(Items listed in a dataset)
┌────────
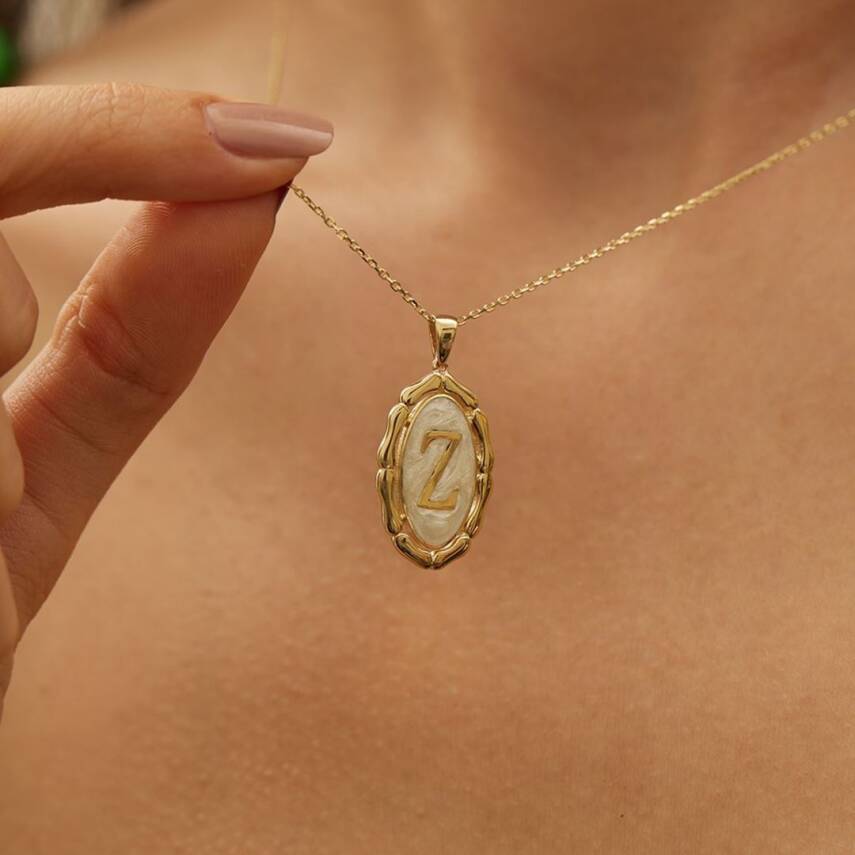 Beyaz Mineli Harf Altın Kolye - 8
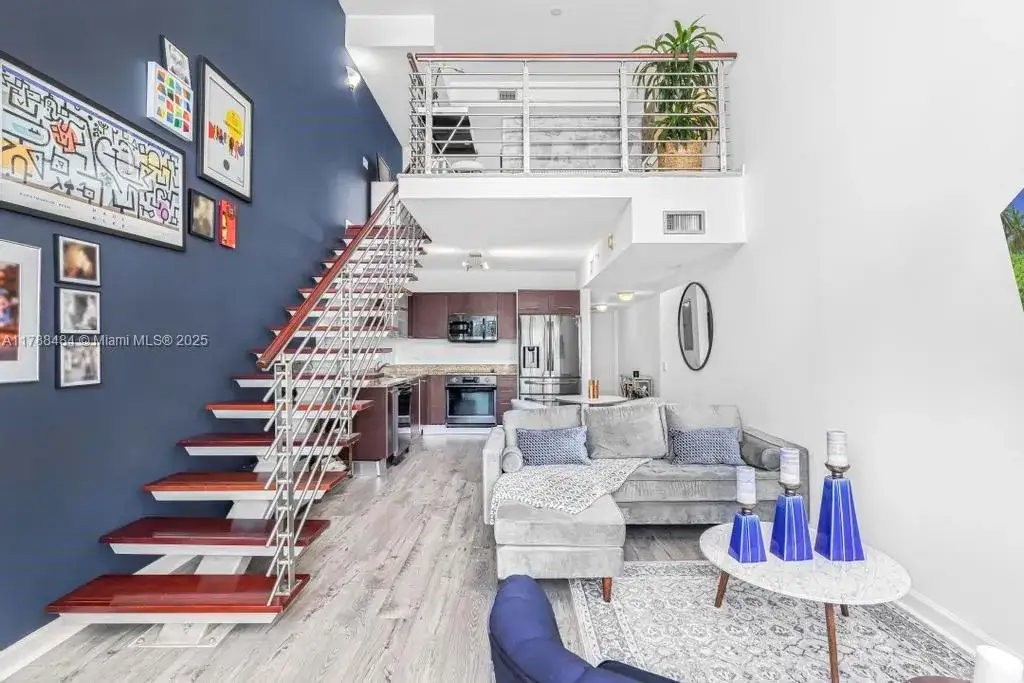 1 bedroom 1 bath Residential for sale at 41 SE 5th St # 1906, Miami FL 33131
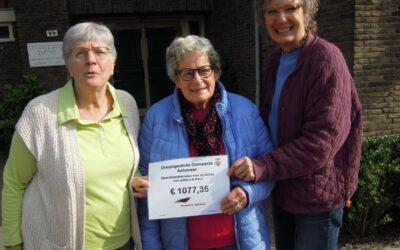 Cheque uitreiking door Ontwikkelings-Samenwerking Aalsmeer (OSA) aan Doopsgezinde Gemeente Aalsmeer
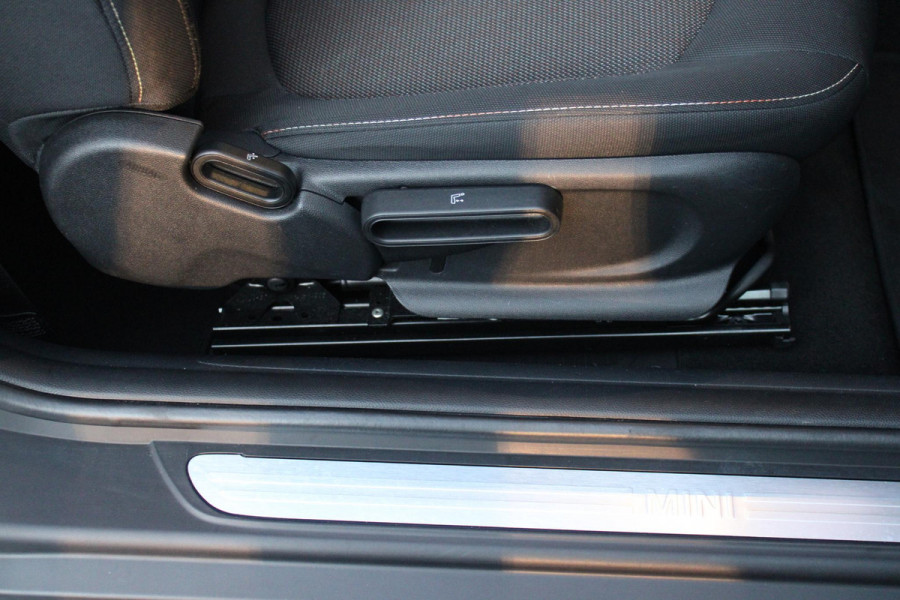 MINI One 1.2 102PK ONE SALT BUSINESS | STOEL VERWARMING | 17" LICHTMETALEN VELGEN JOHN COOPER WORKS | AIRCO | LAGE KM STAND! | PARKEERSENSOREN ACHTER |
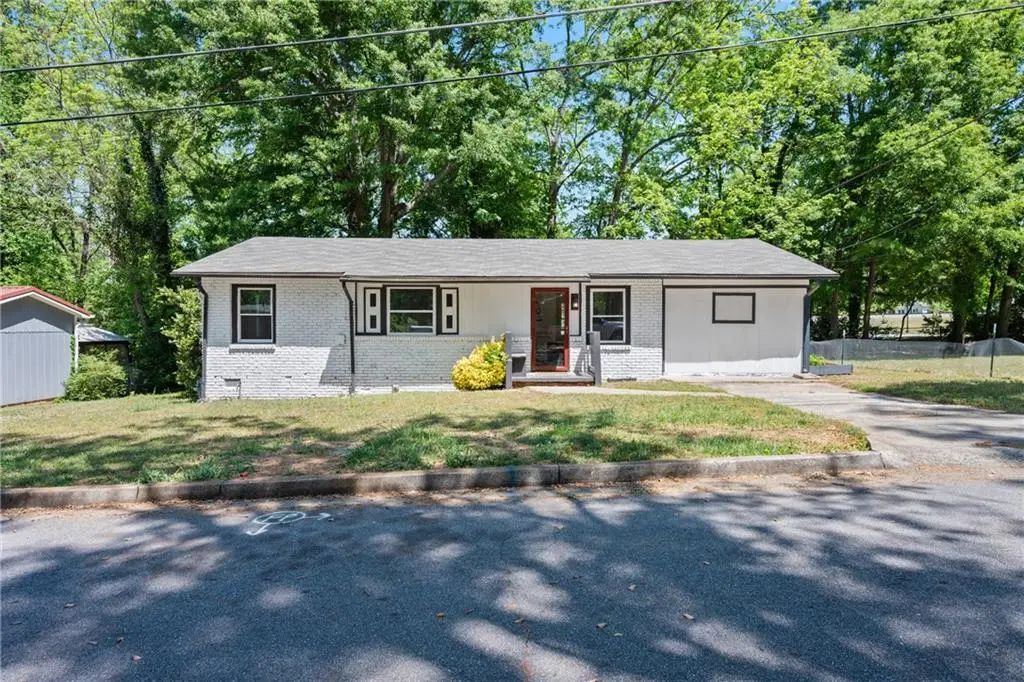 100 Pine Circle, Jonesboro, GA 30236 - #1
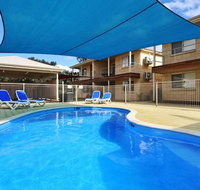 Lakeside Holiday Apartments - Dalby Accommodation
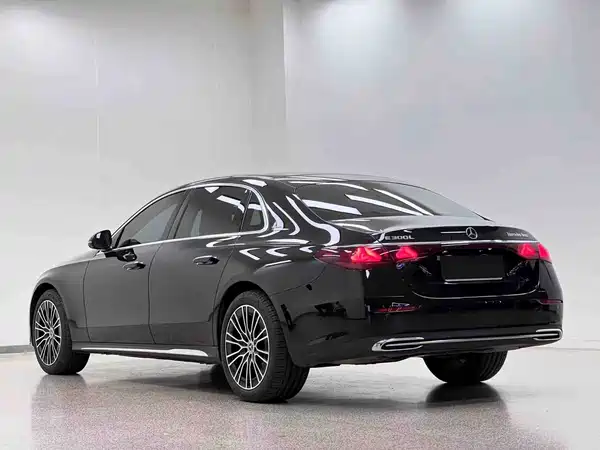 Mercedes-Benz E-Class 2024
└────────
What the task requires →
Transcribe each record above exactly, leaving every picture out of the copy.

Expected output →
 Beyaz Mineli Harf Altın Kolye - 8
 1 bedroom 1 bath Residential for sale at 41 SE 5th St # 1906, Miami FL 33131
 Cheque uitreiking door Ontwikkelings-Samenwerking Aalsmeer (OSA) aan Doopsgezinde Gemeente Aalsmeer
 MINI One 1.2 102PK ONE SALT BUSINESS | STOEL VERWARMING | 17" LICHTMETALEN VELGEN JOHN COOPER WORKS | AIRCO | LAGE KM STAND! | PARKEERSENSOREN ACHTER |
 100 Pine Circle, Jonesboro, GA 30236 - #1
 Lakeside Holiday Apartments - Dalby Accommodation
 Mercedes-Benz E-Class 2024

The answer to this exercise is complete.